From the first siege of Diu, let us move on to the second. This one, who was worthy of his person, the famous and enlightened Captain D. João Mascarenhas, in the time of the distinguished D. João de Castro, one of the greatest men, who with great credit and equal glory of Portugal, ruled the States of India) was certainly by the circumstances that came together much more formidable than the first. For this reason a great company of women was formed, so that united one and another effort, masculine and feminine, could more strongly resist the fury of the enemies. Among them were the names of Garcia Rodrigues, Isabel Dias, Catharina Lopes, and Isabel Fernandes, all of whom ruled as Captain Isabel Madeira. These, in such a way, will be in this memorable siege, that not only according to the repairs of the walls and bastions, but that, aiding the same Soldiers, to them it is due not to be surrendered that Fortress.

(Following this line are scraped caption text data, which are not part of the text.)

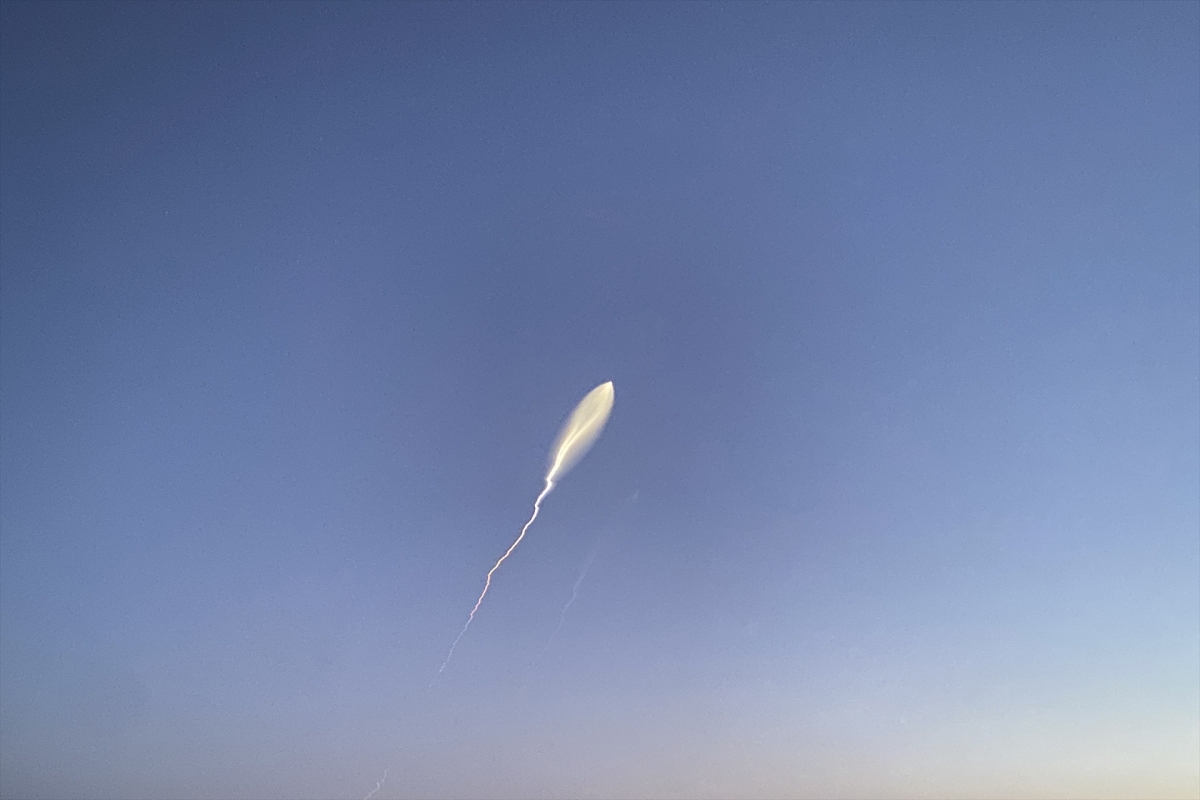 Irán anuncia la suspensión de sus bombardeos a sus vecinos regionales pero se reserva el derecho a contraatacar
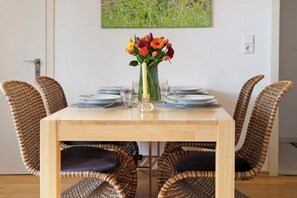 Dining - Apartment 'Am Schlehbach' with Private Garden, Balcony and Wi-Fi (Offingen)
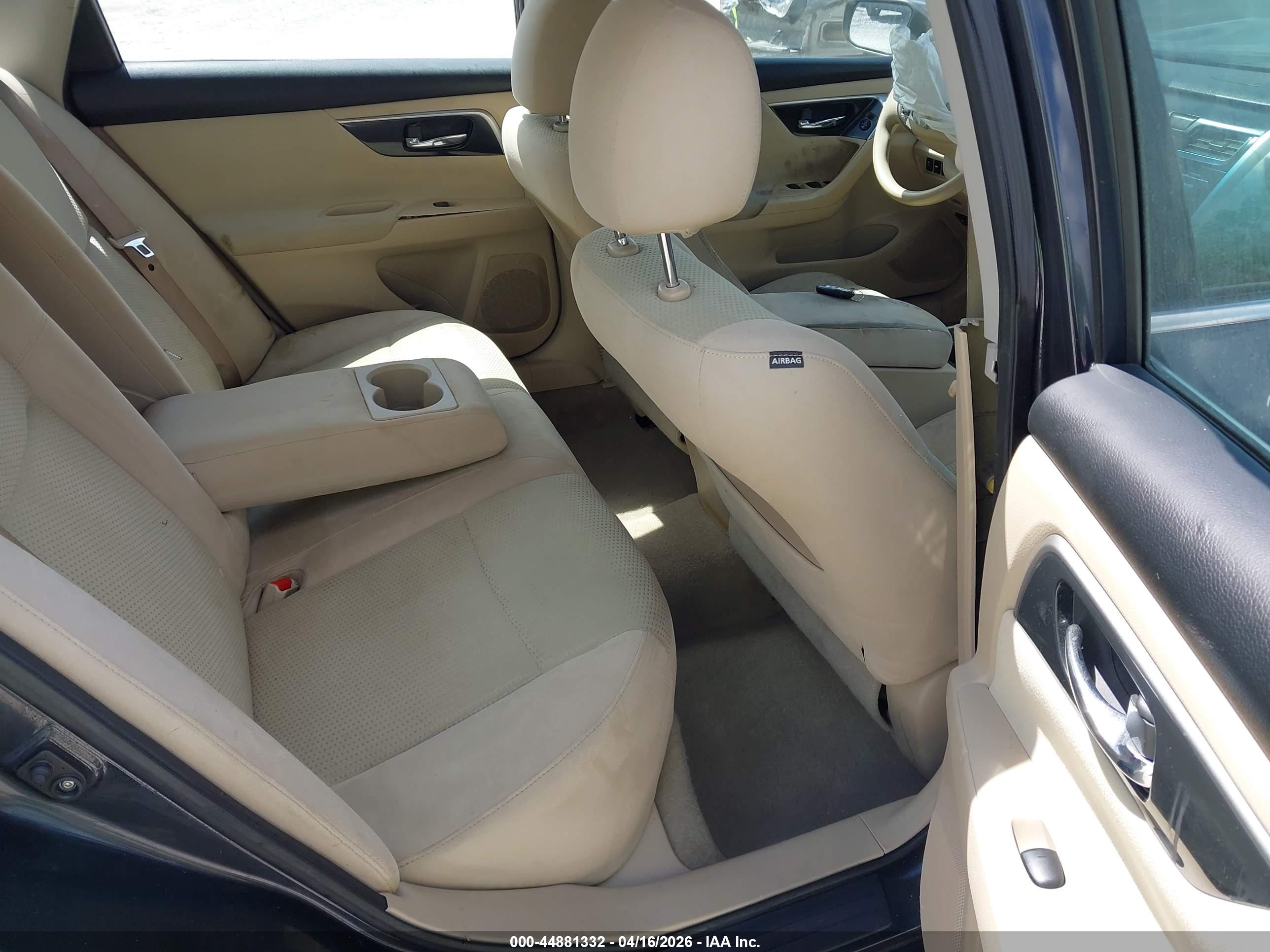 NISSAN ALTIMA image 8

In particular, on the subject of Catarina Lopes, it is added:In the said siege of Diu, she gave a very distinct proof of her value Catarina Lopes. It was the case, that she wanting to reject the pride of an enemy combatant, who had advanced to the walls, fell of them down along with the soldier. He wanted to fill his anger, using all his strength to suppress those of the valiant matron. But, putting aside the natural weakness, she was clothed with such a manly spirit, that coming with him to the fight, cast him down to the ground, and having no weapon wherewith to smite him, she took advantage of those which his own wrath ministered to her (for as a poet said: Furor arma ministrat. Virgílio.) And so she put her fingers in his eyes, and plucked them out; and then rescued from their own, escaped the rage of their enemies, who, with their hands raised, avenged the insult.